On 11 February 2015, the Monetary Authority of Singapore (the “MAS”) issued a Consultation Paper containing draft amendments to the Securities and Futures Act (the “SFA”) to implement the key initiatives set out below. The consultation exercise closed on 24 March 2015.
- OTC derivative reforms
In November 2012, the requirements for reporting and clearing of over-the-counter (“OTC”) derivative transactions and the regulatory regime of OTC derivatives trade repositories (“TRs”) and clearing facilities were put in place. Some changes are proposed in the Consultation Paper to finetune the current mandatory reporting requirements for OTC derivatives, including providingexpressly in the SFA that a financial institution that is subject to the banking secrecy or confidentiality laws will not be regarded as breaching the confidentiality laws when it discloses a customer’s information for the purpose of complying with the reporting requirements for OTC derivatives in the SFA or foreign reporting obligations of the jurisdictions prescribed by the MAS.
The Consultation Paper also proposes to amend the SFA to implement the regulatory regime for derivative market operators and market intermediaries for OTC derivatives.
In addition, the MAS announced that it will not be mandating a trading regime for OTC derivatives for now.
- Transfer of regulation of commodity derivatives from the CTA to the SFA
Currently, the MAS regulates commodity futures under the SFA while the International Enterprise Singapore Board (the “IE”) regulates commodity derivatives and spot commodity under the Commodity Trading Act (the “CTA”). The regulatory oversight of commodity derivatives will be transferred from the IE under the CTA to the MAS under the SFA. Spot commodity trading will continue to be administered by the IE.
- New regulatory framework for marking of short-sell orders and short position reporting
Brokers who are Trading Members of the Singapore Exchange Securities Trading Limited (the “SGX-ST”) are required to mark short-sell orders before they may be placed in the trading system. A short-sell order is any sell order where the seller does not own in full the quantity of the security to be sold at the time of placing the order. The requirements for marking of short-sell orders are currently set out in the SGX-ST Trading Rules.

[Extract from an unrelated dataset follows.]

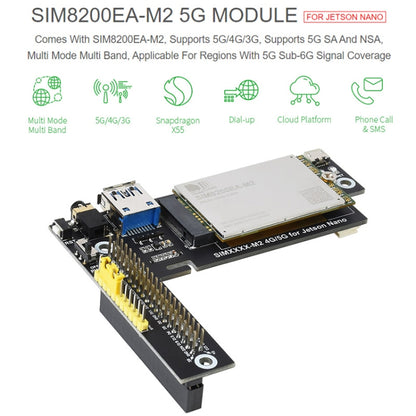 Waveshare SIM8200EA-M2 5G Snapdragon X55 Multi Mode Multi Band 5G/4G/3G Module Expand Board for Jetson Nano, US Plug - Modules Expansions Accessories by WAVESHARE | Online Shopping UK | buy2fix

The Consultation Paper contains the legislative changes in the SFA to implement a new regime under the SFA to formalise the requirements for marking of short-sell orders as well as to require the reporting of net short positions for all securities listed on the SGX-ST Mainboard and Catalist which require delivery of underlying securities. These positions will be aggregated and published.

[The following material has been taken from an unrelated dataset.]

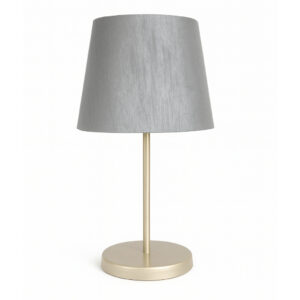 Abajur de Mesa Moderno Minimalista com Cúpula Decorativa para Quarto e Sala - Champanhe e Cinza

- Fine-tuning changes to market misconduct provisions
The MAS proposes to make the following changes to the market misconduct provisions in the SFA to strengthen the effectiveness of the enforcement regime in deterring market misconduct:
- Clarifying the meaning of “material” in section 199 of the SFA which prohibits a person from making a statement or disseminating information that is false or misleading in a “material particular” and is likely to affect the market price of securities or induce the dealing of securities by any other person;
- Introducing a new definition of “persons who commonly invest in securities” for the purpose of determining what is price-sensitive information that is not generally available under the insider trading offence;
- Revising the ceiling for the civil penalty quantum which may be sought by the MAS from a person who has contravened a market misconduct provision in the SFA;
- Providing expressly that the civil penalty claims by the MAS against a person who is being investigated for possible contraventions of the market misconduct provisions will have priority over any private debt owed by the suspect which accrues after a freezing order has been made against his assets.

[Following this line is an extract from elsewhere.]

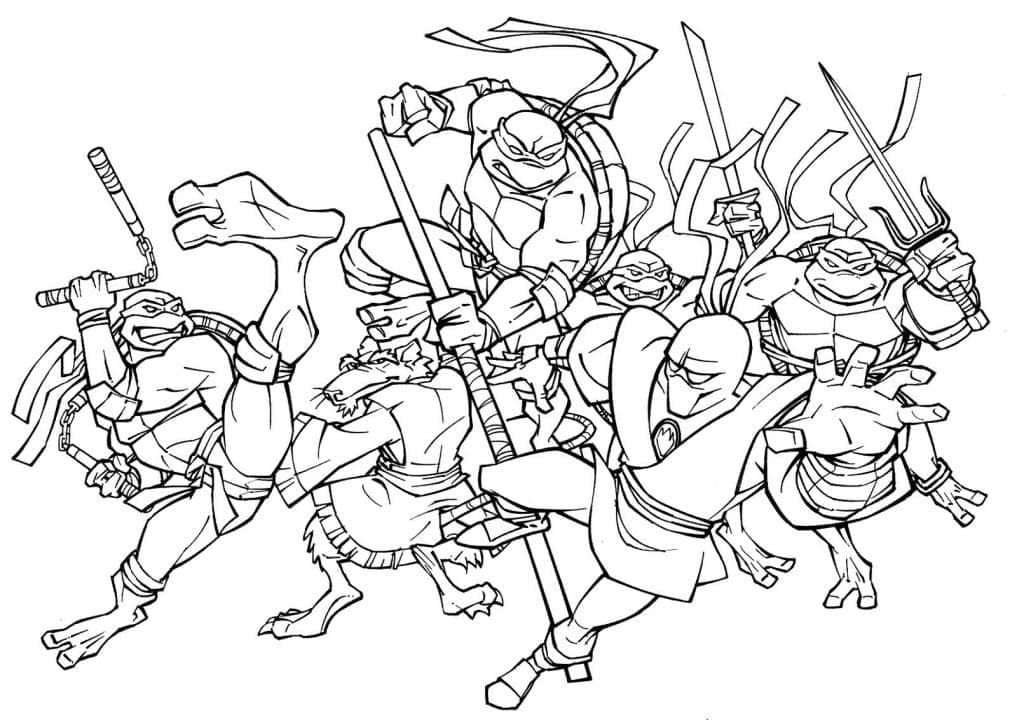 Los personajes principales de la serie animada sobre las Tortugas Ninja.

- Amending the criteria for recognising foreign CIS
Currently, the MAS is allowed under the SFA to recognise foreign collective investment schemes (CIS”) for offers to retail investors in Singapore only if the laws and practices of the jurisdiction that the CIS is constituted and regulated under afford retail investors protection that is equivalent to that afforded to investors of Singapore-constituted CIS that are authorised under the SFA. The MAS is proposing to provide flexibility to take into account factors other than the laws and practices under which a foreign CIS is governed when considering whether to recognise a foreign CIS.